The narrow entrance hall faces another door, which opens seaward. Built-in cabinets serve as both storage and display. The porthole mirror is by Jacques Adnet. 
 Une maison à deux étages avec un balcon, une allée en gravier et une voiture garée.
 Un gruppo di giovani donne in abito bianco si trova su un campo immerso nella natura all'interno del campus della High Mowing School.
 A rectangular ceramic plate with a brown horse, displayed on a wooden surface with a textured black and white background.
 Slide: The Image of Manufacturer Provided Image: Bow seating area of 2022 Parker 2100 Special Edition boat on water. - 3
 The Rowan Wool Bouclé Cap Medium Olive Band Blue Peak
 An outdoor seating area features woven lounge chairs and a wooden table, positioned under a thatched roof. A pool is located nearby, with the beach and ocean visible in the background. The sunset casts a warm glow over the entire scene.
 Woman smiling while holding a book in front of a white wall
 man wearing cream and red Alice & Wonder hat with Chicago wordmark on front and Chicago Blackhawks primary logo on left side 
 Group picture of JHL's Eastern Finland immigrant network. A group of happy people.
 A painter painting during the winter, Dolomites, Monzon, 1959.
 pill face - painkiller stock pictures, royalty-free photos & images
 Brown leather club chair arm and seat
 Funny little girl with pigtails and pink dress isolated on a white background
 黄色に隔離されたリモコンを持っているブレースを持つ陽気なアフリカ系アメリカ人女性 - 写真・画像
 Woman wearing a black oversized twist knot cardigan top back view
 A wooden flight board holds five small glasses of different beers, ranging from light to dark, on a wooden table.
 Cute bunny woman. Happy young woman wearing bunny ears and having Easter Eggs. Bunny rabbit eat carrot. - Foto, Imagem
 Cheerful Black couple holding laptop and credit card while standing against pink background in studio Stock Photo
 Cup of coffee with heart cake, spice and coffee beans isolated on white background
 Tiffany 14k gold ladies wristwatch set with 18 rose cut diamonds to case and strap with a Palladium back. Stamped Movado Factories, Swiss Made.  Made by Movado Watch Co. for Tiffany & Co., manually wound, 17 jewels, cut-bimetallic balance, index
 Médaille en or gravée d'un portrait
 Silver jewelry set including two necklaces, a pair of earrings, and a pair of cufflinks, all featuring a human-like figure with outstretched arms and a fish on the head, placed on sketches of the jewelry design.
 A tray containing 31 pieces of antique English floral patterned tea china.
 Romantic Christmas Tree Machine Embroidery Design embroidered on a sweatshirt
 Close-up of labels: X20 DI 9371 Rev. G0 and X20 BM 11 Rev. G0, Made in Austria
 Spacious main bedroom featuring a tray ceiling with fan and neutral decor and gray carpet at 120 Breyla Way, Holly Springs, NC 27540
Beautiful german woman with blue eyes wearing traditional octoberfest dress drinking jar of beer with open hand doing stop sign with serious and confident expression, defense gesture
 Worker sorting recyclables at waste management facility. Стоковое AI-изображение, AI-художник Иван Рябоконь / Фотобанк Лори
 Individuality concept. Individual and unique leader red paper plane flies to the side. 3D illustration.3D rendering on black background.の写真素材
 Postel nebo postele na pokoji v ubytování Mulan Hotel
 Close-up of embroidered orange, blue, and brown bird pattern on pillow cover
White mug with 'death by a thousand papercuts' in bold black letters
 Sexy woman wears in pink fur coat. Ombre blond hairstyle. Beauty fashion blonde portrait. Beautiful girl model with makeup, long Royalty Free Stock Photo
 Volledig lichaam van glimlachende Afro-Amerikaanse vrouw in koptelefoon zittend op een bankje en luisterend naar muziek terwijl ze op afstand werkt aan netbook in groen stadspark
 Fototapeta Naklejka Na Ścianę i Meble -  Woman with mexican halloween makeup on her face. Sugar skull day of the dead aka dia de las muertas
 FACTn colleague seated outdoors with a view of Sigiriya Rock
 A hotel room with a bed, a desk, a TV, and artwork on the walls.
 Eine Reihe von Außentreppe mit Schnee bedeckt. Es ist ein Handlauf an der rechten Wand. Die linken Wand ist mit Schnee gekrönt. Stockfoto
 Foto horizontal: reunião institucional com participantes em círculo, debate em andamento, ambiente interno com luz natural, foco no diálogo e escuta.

★ ★ ★

Work item -> The whole listing above needs to be written out again exactly.

Your solution ->
The narrow entrance hall faces another door, which opens seaward. Built-in cabinets serve as both storage and display. The porthole mirror is by Jacques Adnet. 
 Une maison à deux étages avec un balcon, une allée en gravier et une voiture garée.
 Un gruppo di giovani donne in abito bianco si trova su un campo immerso nella natura all'interno del campus della High Mowing School.
 A rectangular ceramic plate with a brown horse, displayed on a wooden surface with a textured black and white background.
 Slide: The Image of Manufacturer Provided Image: Bow seating area of 2022 Parker 2100 Special Edition boat on water. - 3
 The Rowan Wool Bouclé Cap Medium Olive Band Blue Peak
 An outdoor seating area features woven lounge chairs and a wooden table, positioned under a thatched roof. A pool is located nearby, with the beach and ocean visible in the background. The sunset casts a warm glow over the entire scene.
 Woman smiling while holding a book in front of a white wall
 man wearing cream and red Alice & Wonder hat with Chicago wordmark on front and Chicago Blackhawks primary logo on left side 
 Group picture of JHL's Eastern Finland immigrant network. A group of happy people.
 A painter painting during the winter, Dolomites, Monzon, 1959.
 pill face - painkiller stock pictures, royalty-free photos & images
 Brown leather club chair arm and seat
 Funny little girl with pigtails and pink dress isolated on a white background
 黄色に隔離されたリモコンを持っているブレースを持つ陽気なアフリカ系アメリカ人女性 - 写真・画像
 Woman wearing a black oversized twist knot cardigan top back view
 A wooden flight board holds five small glasses of different beers, ranging from light to dark, on a wooden table.
 Cute bunny woman. Happy young woman wearing bunny ears and having Easter Eggs. Bunny rabbit eat carrot. - Foto, Imagem
 Cheerful Black couple holding laptop and credit card while standing against pink background in studio Stock Photo
 Cup of coffee with heart cake, spice and coffee beans isolated on white background
 Tiffany 14k gold ladies wristwatch set with 18 rose cut diamonds to case and strap with a Palladium back. Stamped Movado Factories, Swiss Made.  Made by Movado Watch Co. for Tiffany & Co., manually wound, 17 jewels, cut-bimetallic balance, index
 Médaille en or gravée d'un portrait
 Silver jewelry set including two necklaces, a pair of earrings, and a pair of cufflinks, all featuring a human-like figure with outstretched arms and a fish on the head, placed on sketches of the jewelry design.
 A tray containing 31 pieces of antique English floral patterned tea china.
 Romantic Christmas Tree Machine Embroidery Design embroidered on a sweatshirt
 Close-up of labels: X20 DI 9371 Rev. G0 and X20 BM 11 Rev. G0, Made in Austria
 Spacious main bedroom featuring a tray ceiling with fan and neutral decor and gray carpet at 120 Breyla Way, Holly Springs, NC 27540
Beautiful german woman with blue eyes wearing traditional octoberfest dress drinking jar of beer with open hand doing stop sign with serious and confident expression, defense gesture
 Worker sorting recyclables at waste management facility. Стоковое AI-изображение, AI-художник Иван Рябоконь / Фотобанк Лори
 Individuality concept. Individual and unique leader red paper plane flies to the side. 3D illustration.3D rendering on black background.の写真素材
 Postel nebo postele na pokoji v ubytování Mulan Hotel
 Close-up of embroidered orange, blue, and brown bird pattern on pillow cover
White mug with 'death by a thousand papercuts' in bold black letters
 Sexy woman wears in pink fur coat. Ombre blond hairstyle. Beauty fashion blonde portrait. Beautiful girl model with makeup, long Royalty Free Stock Photo
 Volledig lichaam van glimlachende Afro-Amerikaanse vrouw in koptelefoon zittend op een bankje en luisterend naar muziek terwijl ze op afstand werkt aan netbook in groen stadspark
 Fototapeta Naklejka Na Ścianę i Meble -  Woman with mexican halloween makeup on her face. Sugar skull day of the dead aka dia de las muertas
 FACTn colleague seated outdoors with a view of Sigiriya Rock
 A hotel room with a bed, a desk, a TV, and artwork on the walls.
 Eine Reihe von Außentreppe mit Schnee bedeckt. Es ist ein Handlauf an der rechten Wand. Die linken Wand ist mit Schnee gekrönt. Stockfoto
 Foto horizontal: reunião institucional com participantes em círculo, debate em andamento, ambiente interno com luz natural, foco no diálogo e escuta.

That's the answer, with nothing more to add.